This problem is the story of my (laboratory) life. I have plant samples that are ground in cooled PBS buffer with 5% b-mercaptoethanol. Then I do a spin at 20,800 x g for 5 mins at 4 C, take the supernatant and then acetone precipitate for 2h at -80 C or overnight at -20 C. THe pellet is impossible to deal with.
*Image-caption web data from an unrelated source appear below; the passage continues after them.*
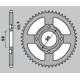CHT, rozeta, 279 40 Honda Honda MTX 125R 83-94 (279-40) (JTR27.40, JTR273.40)
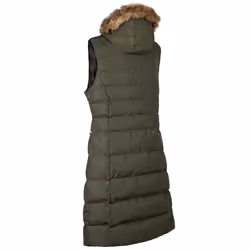 Trespass - Veste sans manches AUDREY - Femme (Vert kaki)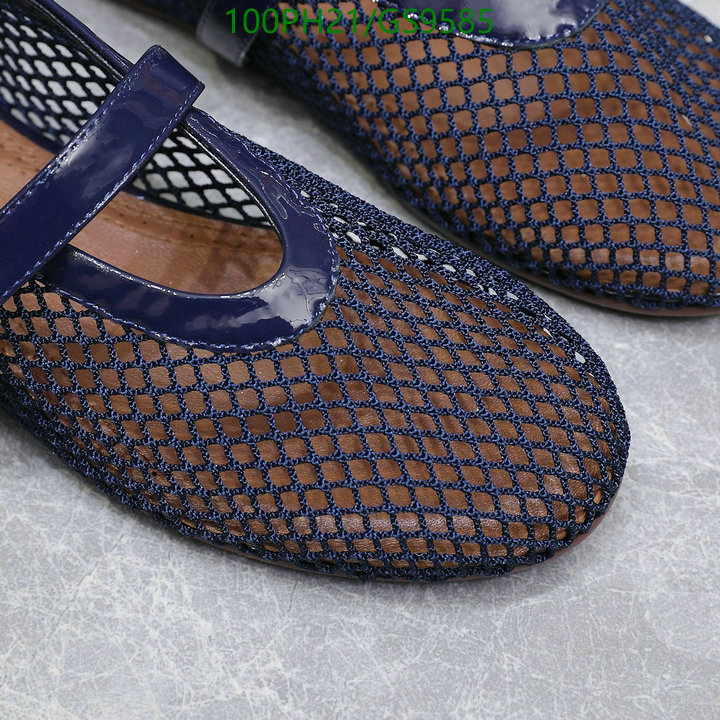 Women Shoes-ALAIA Code: GS9585 $: 100USD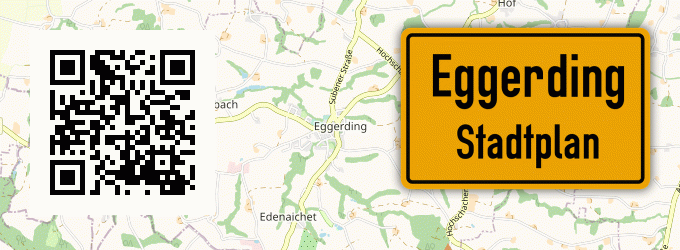 Stadtplan Eggerding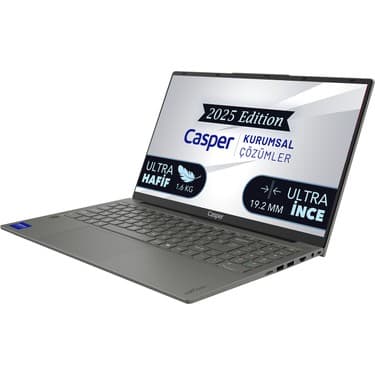 Casper Nirvana X700 Ryzen5-7430U 32GB 500GB SSD 15.6\ 2
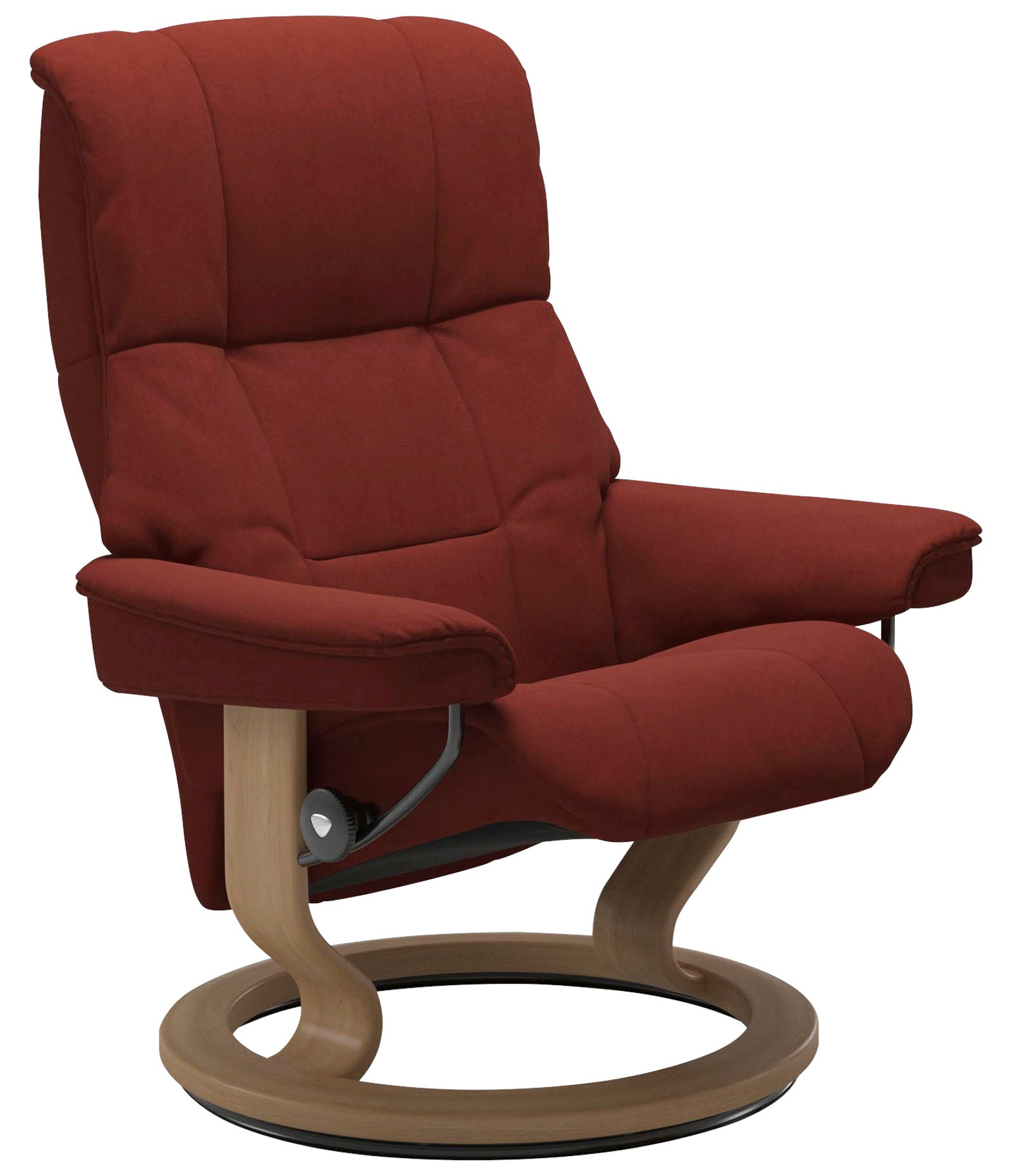 Stressless® Relaxsessel »Mayfair«, mit Classic Base, Größe S, M & L, Gestell Eiche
I also see the jelly pellet. The chloro:methanol method also has an annoying pellet.

I will try 1 % pharmalyte and may alter my rehydration buffer so that I have 7M urea, 2M urea, 2.8mg dtt/mL, 2% CHAPS, 1% pharmalyte.

I'll let you know how it goes on a 1D gel. THanks everyone for your information.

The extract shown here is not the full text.